Problem statement:
Every record should be copied exactly, except that pictures are to be omitted.

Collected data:

****************************************

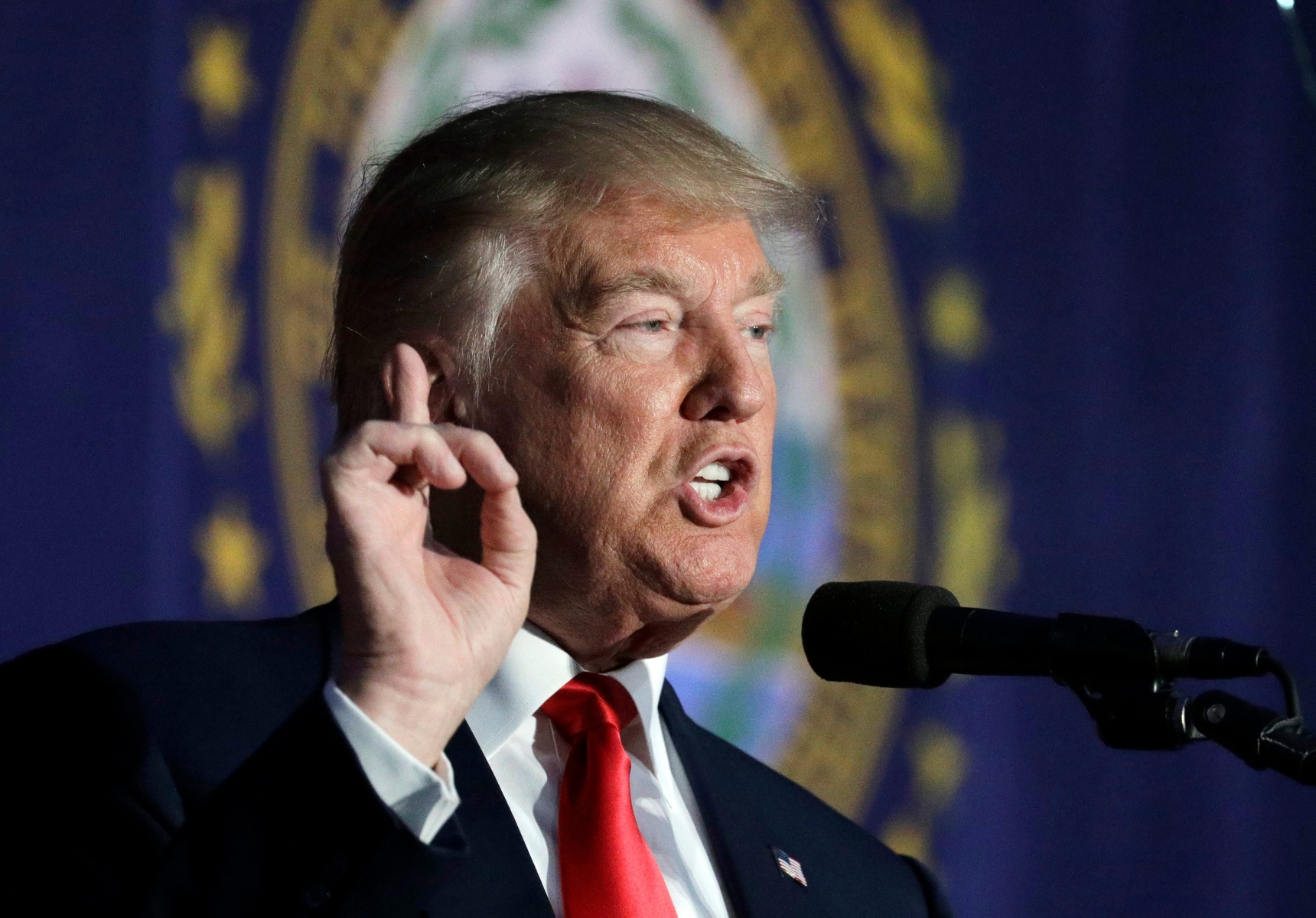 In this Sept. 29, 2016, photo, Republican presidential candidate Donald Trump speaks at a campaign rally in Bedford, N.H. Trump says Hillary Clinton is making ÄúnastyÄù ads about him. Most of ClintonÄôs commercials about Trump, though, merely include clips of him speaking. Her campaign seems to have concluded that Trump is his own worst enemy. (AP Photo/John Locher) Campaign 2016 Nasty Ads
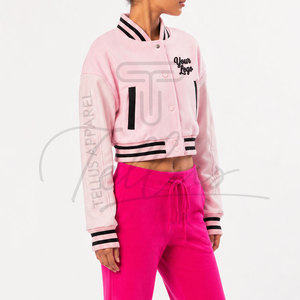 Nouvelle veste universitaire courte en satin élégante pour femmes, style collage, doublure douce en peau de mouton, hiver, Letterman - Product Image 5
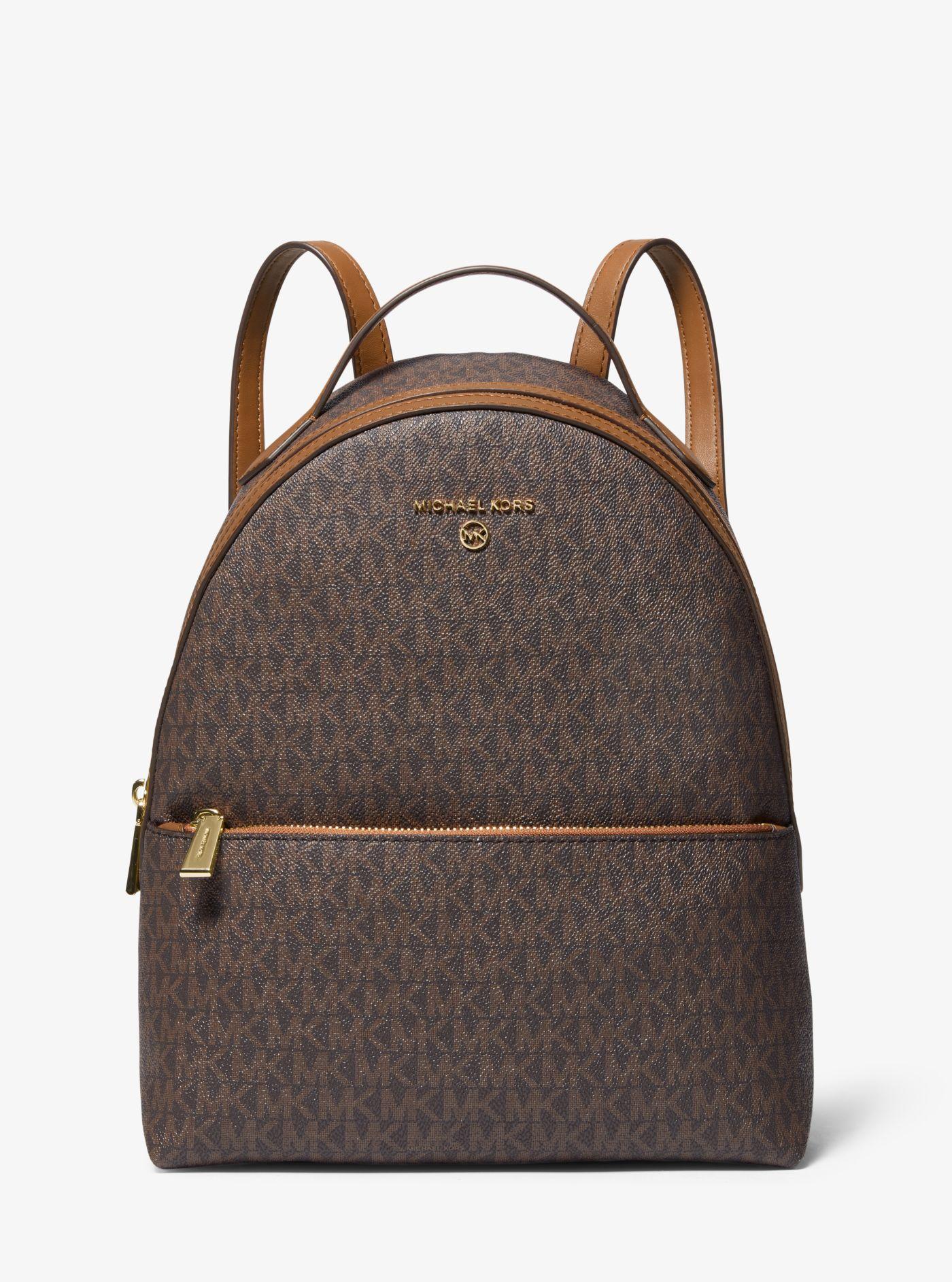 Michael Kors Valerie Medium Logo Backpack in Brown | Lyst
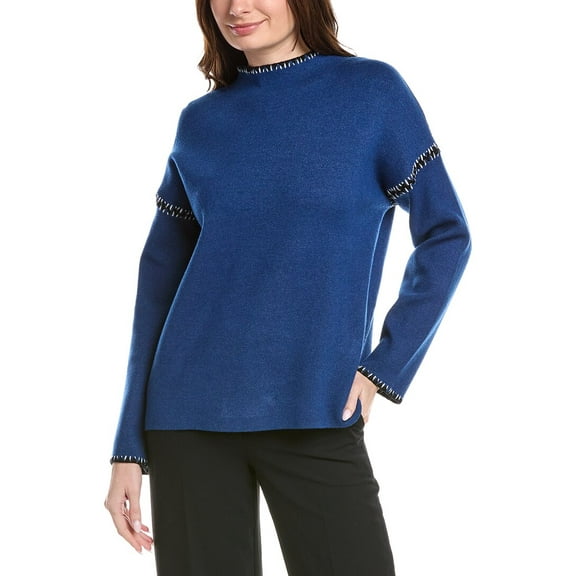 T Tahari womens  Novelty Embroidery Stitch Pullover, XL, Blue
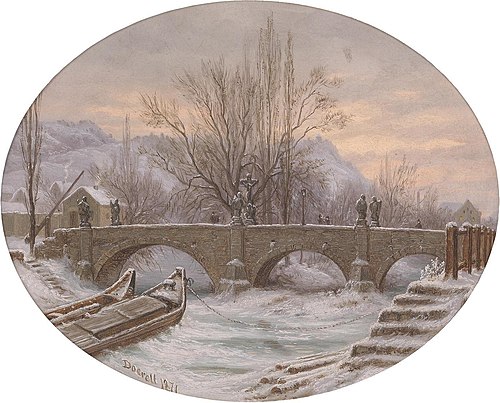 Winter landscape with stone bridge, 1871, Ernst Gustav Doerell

****************************************

Answer below:
 In this Sept. 29, 2016, photo, Republican presidential candidate Donald Trump speaks at a campaign rally in Bedford, N.H. Trump says Hillary Clinton is making ÄúnastyÄù ads about him. Most of ClintonÄôs commercials about Trump, though, merely include clips of him speaking. Her campaign seems to have concluded that Trump is his own worst enemy. (AP Photo/John Locher) Campaign 2016 Nasty Ads
 Nouvelle veste universitaire courte en satin élégante pour femmes, style collage, doublure douce en peau de mouton, hiver, Letterman - Product Image 5
 Michael Kors Valerie Medium Logo Backpack in Brown | Lyst
 T Tahari womens  Novelty Embroidery Stitch Pullover, XL, Blue
 Winter landscape with stone bridge, 1871, Ernst Gustav Doerell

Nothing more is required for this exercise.